Acabo de sair do auditório, onde desde 14h estava acontecendo a apresentação do processo deste espetáculo de Brecht dirigido por Aderbal. Que delicioso foi acompanhar toda a discussão, a apresentação de Aderbal e cada uma das presenças, dos atores aos integrantes da equipe de criação. O espetáculo, projeto do ator Marcelo Olinto, estreia nesta quarta-feira, dia 10 de agosto, no Espaço II do Centro Cultural Banco do Brasil, aqui no Rio de Janeiro.
Eu sempre me pergunto o porquê de montar certos textos escritos noutras épocas. Eu me fiz essa mesma pergunta logo que me sentei à cadeira para assistir ao processo. Eu não sabia do que se tratava o texto de Brecht, apesar de intuir que sua construção se fizesse por meio de um forte embate. Eis que pelas primeiras palavras de Aderbal eu encontrei aquilo que precisava: ele nos falou do embate, do “boxe”, de dois adversários, de um capitalista e um idealista.
Foi então que rapidamente o texto escrito na juventude de Brecht voltou com alguma força digna de nossos tempos. Suas questões, reveladas em apenas uma das cenas que foi apresentada ali na nossa frente, deram espessura a este tempo corrente: o que é ser idealista em épocas como a nossa? Em épocas nas quais a experiência do capital avassala a tudo (incluindo a si própria), como seguir adiante?
Não sei o que virá. Nunca li esta peça de Brecht. Saio deste processo ansioso para assistir ao espetáculo. Saio renovado pela importância de promover o embate, enquanto artista, com meu próprio tempo. O embate faz todo o sentido (mesmo não fazendo). Parte de uma necessidade suprema em acreditar num ideal contrário ao ideal-corrente. Não quer dizer ser contra-capitalista. Quer dizer ser contra, justamente para saldar, com maior intensidade, a corrente.
Ressalto a proposta do cenário (mostrada num televisor enquanto o debate acontecia), composta por um imenso outdoor ao fundo da cena. Destaco também a trilha sonora do espetáculo, em sua maior parte executada pelos atores como “percussão” das cenas. Ouvi sons de artilharia. Do suave ao mais grave, a música neste Brecht parece mais aproximar do que distanciar. Tudo bem. Aos atores resta a terrível façanha de moldar em tipos, o espírito de uma época. Os embates de um tempo.

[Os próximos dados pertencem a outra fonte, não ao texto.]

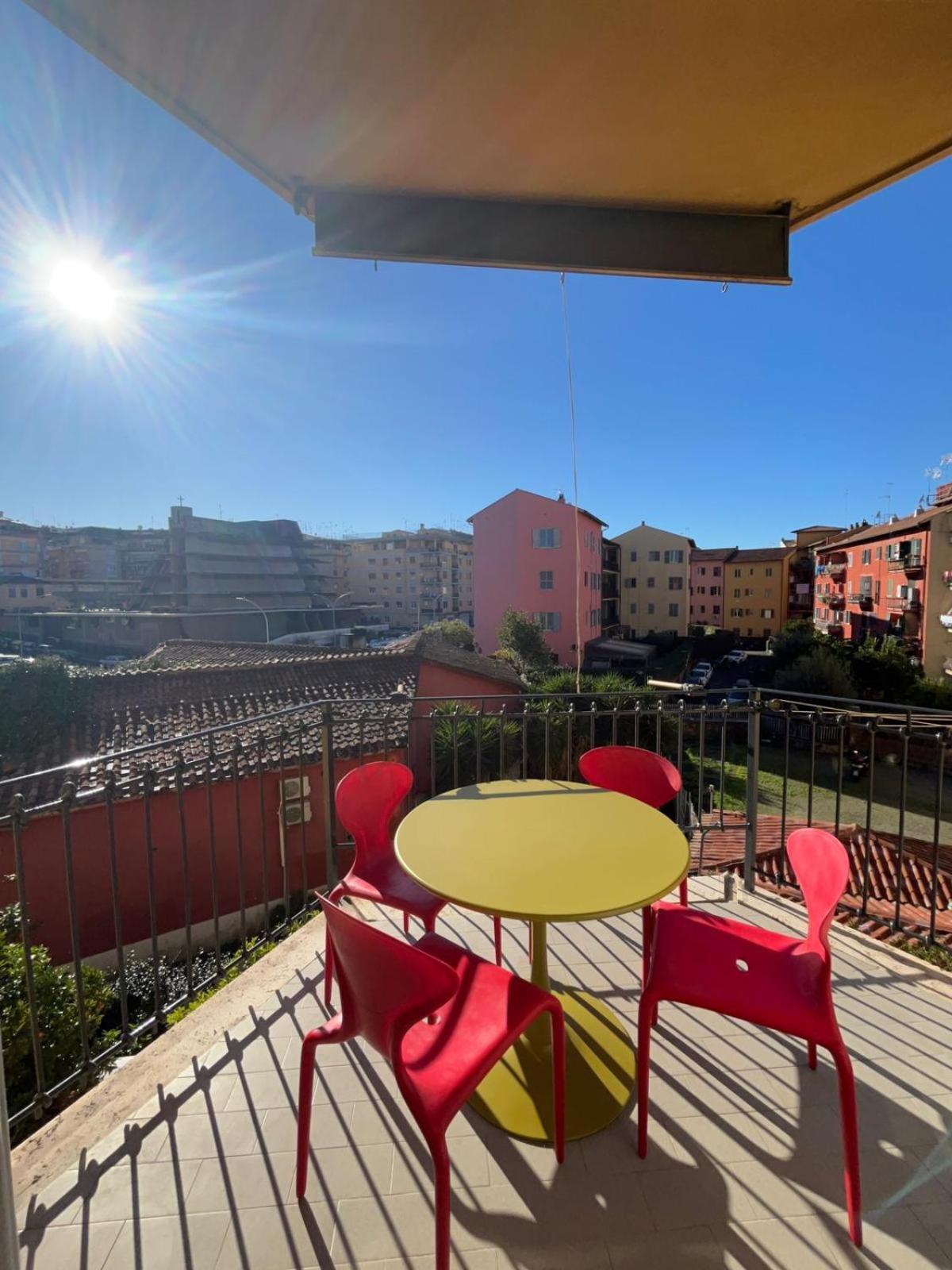 L'affaccio Sul Borgo - Adiacente Metro B Appartement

Para que nós, espectadores, possamos tramar algum sentido (ou não) para o seu drama.
É revivendo o embate de Brecht, de sua juventude, que nos aproximamos e que adensamos ainda mais nossas questões. Foi um prazer compartilhar cerca de noventa minutos frente a frente com este determinante encenador e artista brasileiro.